From the material below, copy exactly the lines beginning with the one that contains "รูป บ้านสวยมาก มีเทอเรซหน้าบ้าน" and ending with the one that contains "2211 8th Street Rock Island, TX 77470"; the pictures stay out.

#### Provided data

···

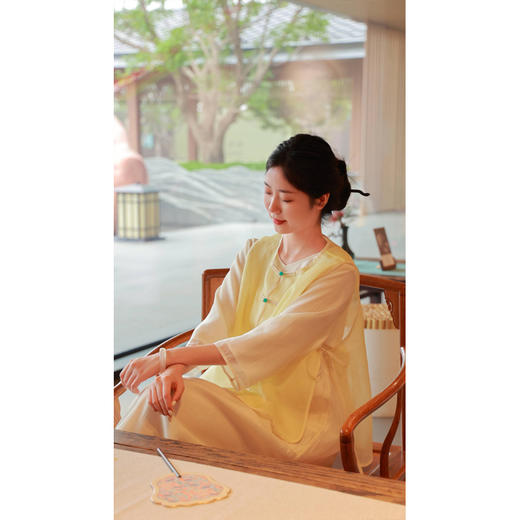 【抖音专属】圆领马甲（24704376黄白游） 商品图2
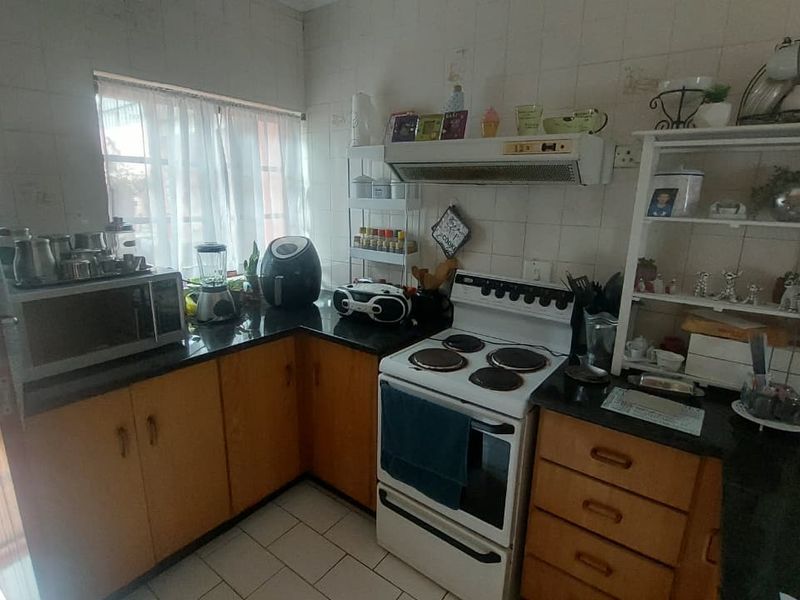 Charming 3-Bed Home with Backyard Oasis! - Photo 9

···

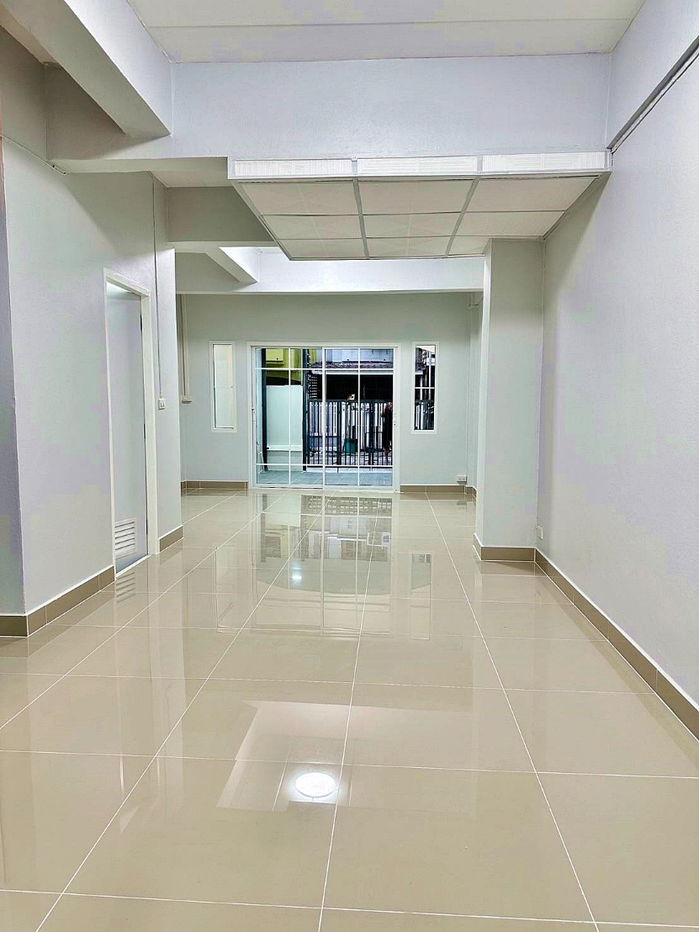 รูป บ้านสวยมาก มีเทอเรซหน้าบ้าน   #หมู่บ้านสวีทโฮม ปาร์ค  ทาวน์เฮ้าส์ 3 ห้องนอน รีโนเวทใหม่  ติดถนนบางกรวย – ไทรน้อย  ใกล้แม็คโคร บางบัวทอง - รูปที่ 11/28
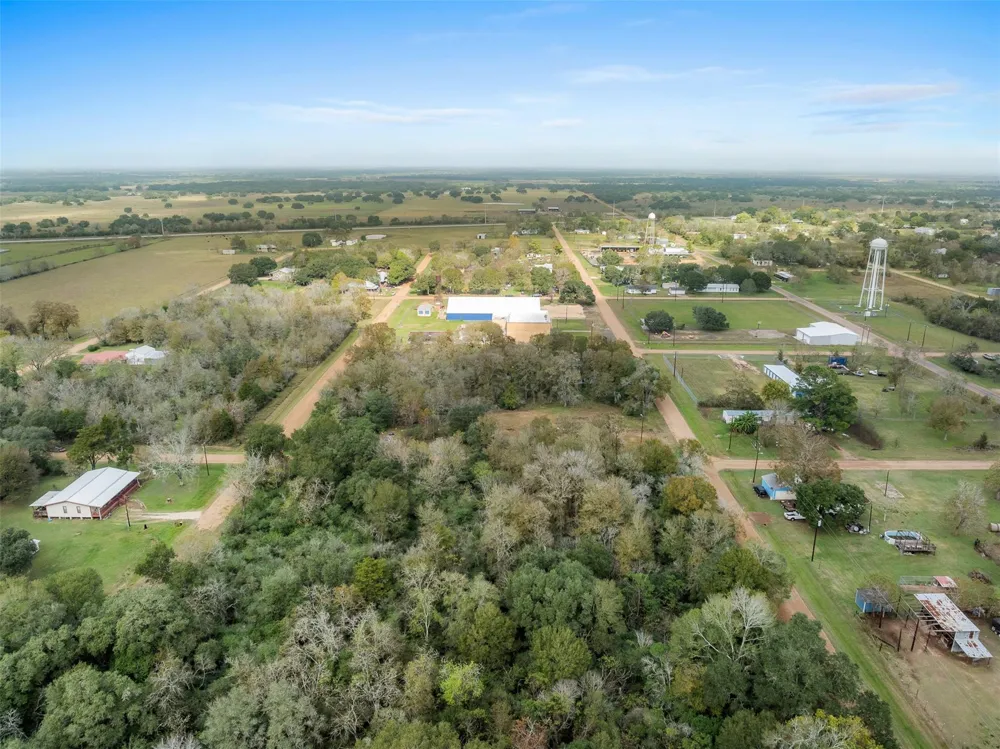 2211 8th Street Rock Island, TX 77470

···

#### Solved exercise
 รูป บ้านสวยมาก มีเทอเรซหน้าบ้าน   #หมู่บ้านสวีทโฮม ปาร์ค  ทาวน์เฮ้าส์ 3 ห้องนอน รีโนเวทใหม่  ติดถนนบางกรวย – ไทรน้อย  ใกล้แม็คโคร บางบัวทอง - รูปที่ 11/28
 2211 8th Street Rock Island, TX 77470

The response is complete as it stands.